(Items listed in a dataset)

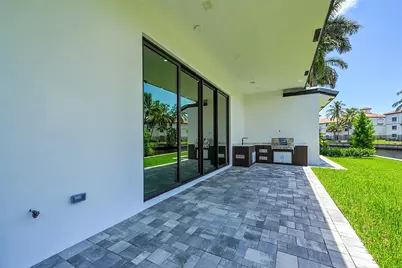 656 NW 21st Street, Fort Lauderdale, FL 33311 - Photo 25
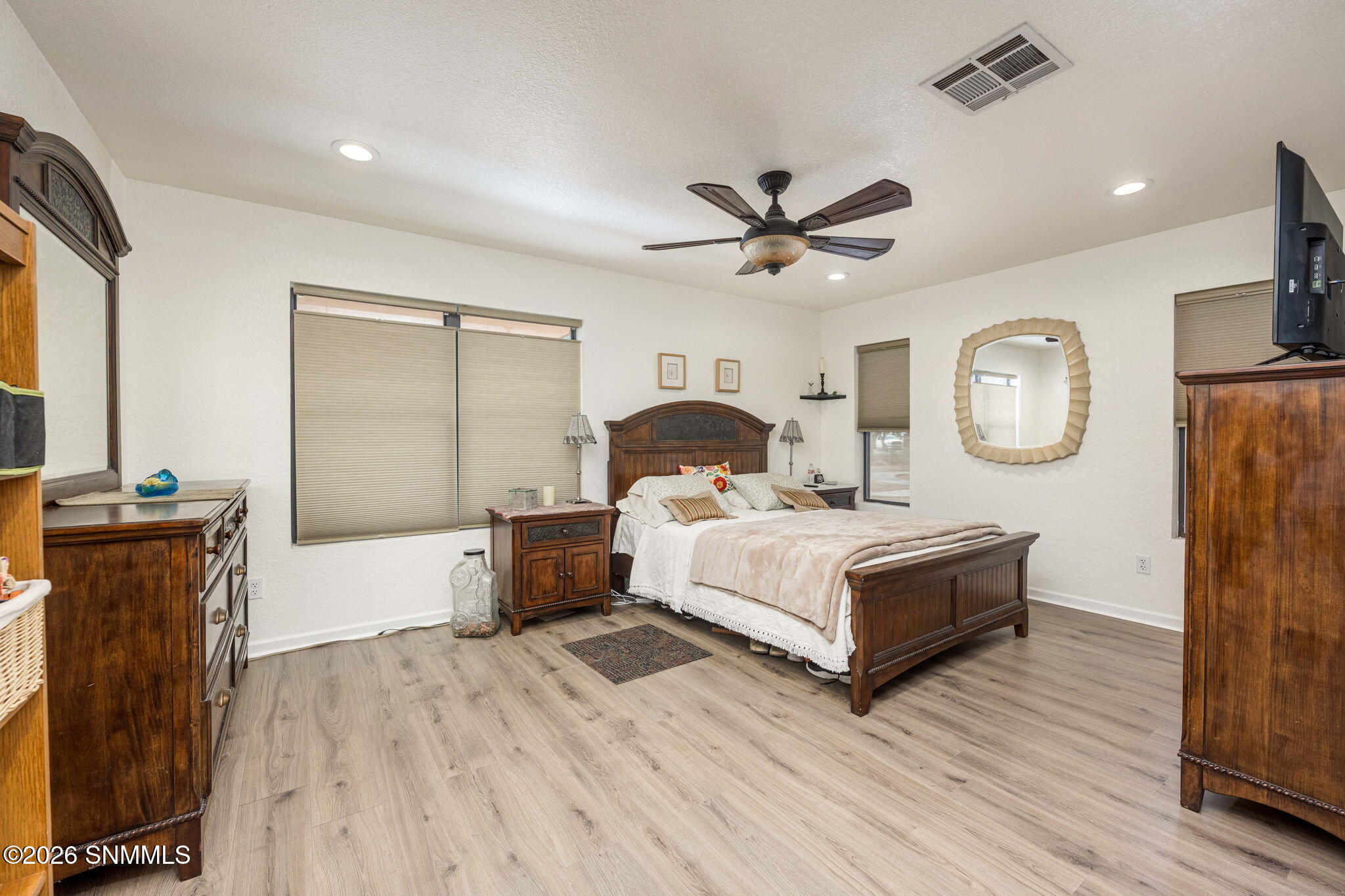 21-web-or-mls-Snappin Homes (Brown1461)-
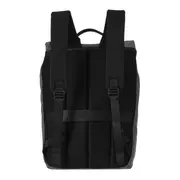 MOCHILA FLEET - FLANDRES/PRETO - Foto 7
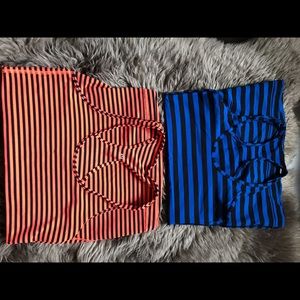 Set of 2 lululemon CBR (4)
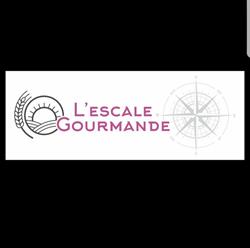 L'escale Gourmande, Rochefort - Horaires d'ouverture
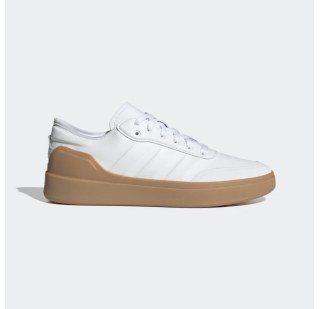 Кросівки Adidas Court Revival HP2601
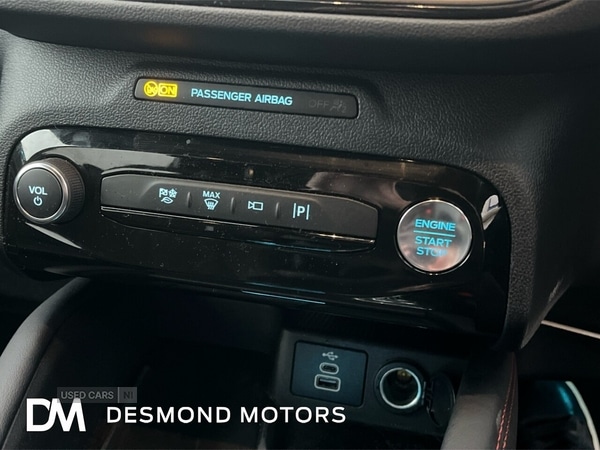 Used Ford Kuga 2025 for sale - 77539045: Photo 24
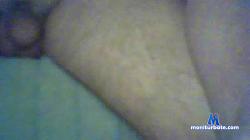 musashi2 cam4 live cam performer profile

§ DIRECTIONS
Only the records themselves, retyped exactly, belong in the answer; please leave all images behind.

§ TASK OUTPUT
 656 NW 21st Street, Fort Lauderdale, FL 33311 - Photo 25
 21-web-or-mls-Snappin Homes (Brown1461)-
 MOCHILA FLEET - FLANDRES/PRETO - Foto 7
 Set of 2 lululemon CBR (4)
 L'escale Gourmande, Rochefort - Horaires d'ouverture
 Кросівки Adidas Court Revival HP2601
 Used Ford Kuga 2025 for sale - 77539045: Photo 24
 musashi2 cam4 live cam performer profile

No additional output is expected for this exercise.